The painting “Nu couché/Reclining Nude” did not break the record for a work by the most Parisian of ltalian painters, achieved in November 2015 by another “Reclining Nude” sold by Christie’s for 170.4 million dollars.

The starting price was 125.million dollars in the recent auction, covered by a price guarantee that Sotheby’s refused to disclose. Offers could be counted on the fingers of one hand and were all made by private collectors who participated by phone. The price eventually came to 139 million dollars with the closing price at 157.2 million including expenses and commissions. Sotheby’s refused to reveal the buyer’s identity.

In a Press Conference following the auction, Simon Shaw, Co-Head Worldwide of Sotheby’s Impressionist and Modern Art Department, welcomed the “new important moment” in the auction house’s history.
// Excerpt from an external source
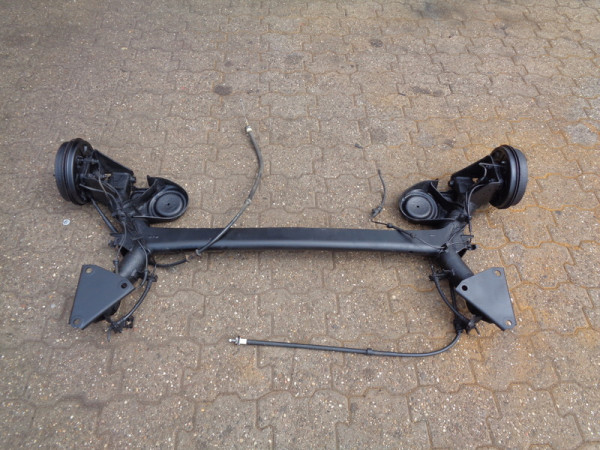 Ford Ka RU8 hinterachse Achsträger Achse hinten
Never before has this house, founded in 1744, sold a work for such a price.

The 1917 painting just exceeded the sum of 150 million dollars at which it had been valued and it was by far the most expensive estimate placed on any work to be auctioned.

In Simon Shaw’s opinion, this sale reflects the critical and commercial reassessment of a work by Modigliani (1884-1920) who died aged 35 of complications related to meningitis. Shaw also pointed out that only five years earlier a record sale for a work by the Italian artist was 42 million dollars.
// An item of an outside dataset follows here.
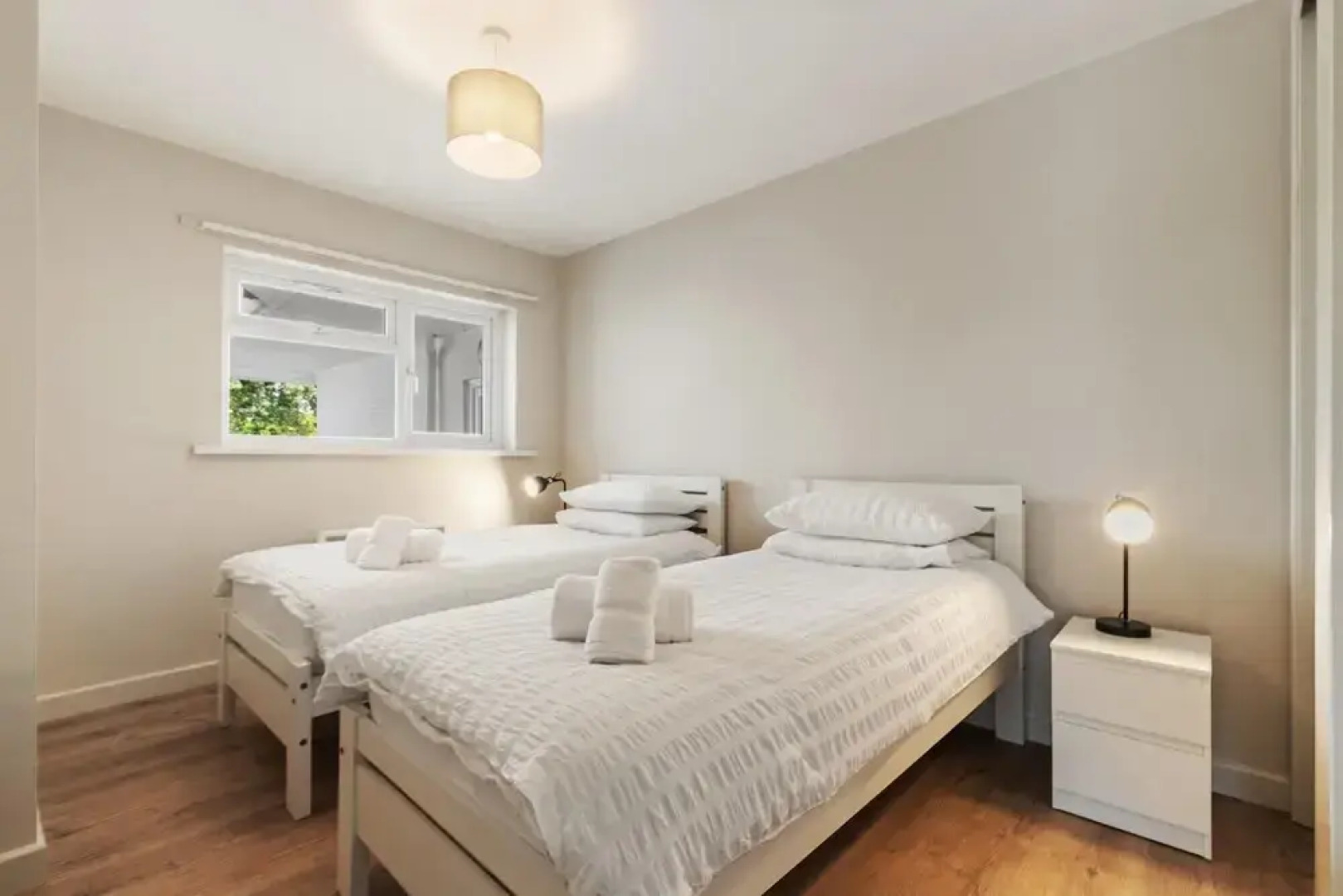 Coedrath Park 23 - Walk to Beach Ground Floor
When it was last shown at auction in 2003, the recently sold “Reclining Nude” had been estimated at 26.9 million dollars.

The painting was the best work of the summer sales in New York and far more profitable than Pablo Picasso’s “Girl with basket of flowers” sold for 115 million dollars by Christie’s during the sale of the Rockefeller collection.

It is the artist’s largest painting measuring 146x 89 cm. The work is part of a series of 22 nudes of which it is the only one depicting the entire model from head to toe. Nine nudes among them are still in the hands of private collectors.

When presenting the work before the auction, Simon Shaw mentioned that this series revolutionized the art of the nude in painting, describing the specific work as “subtly radical”.“While having its roots in tradition, it reflects the change of womens’ status during the First World War. It assimilates both the historical authorities on the nude and 20th century painting, while embodying the emancipation of the woman who is confident and self possessed in her sexuality. The works entirely captures our gaze.”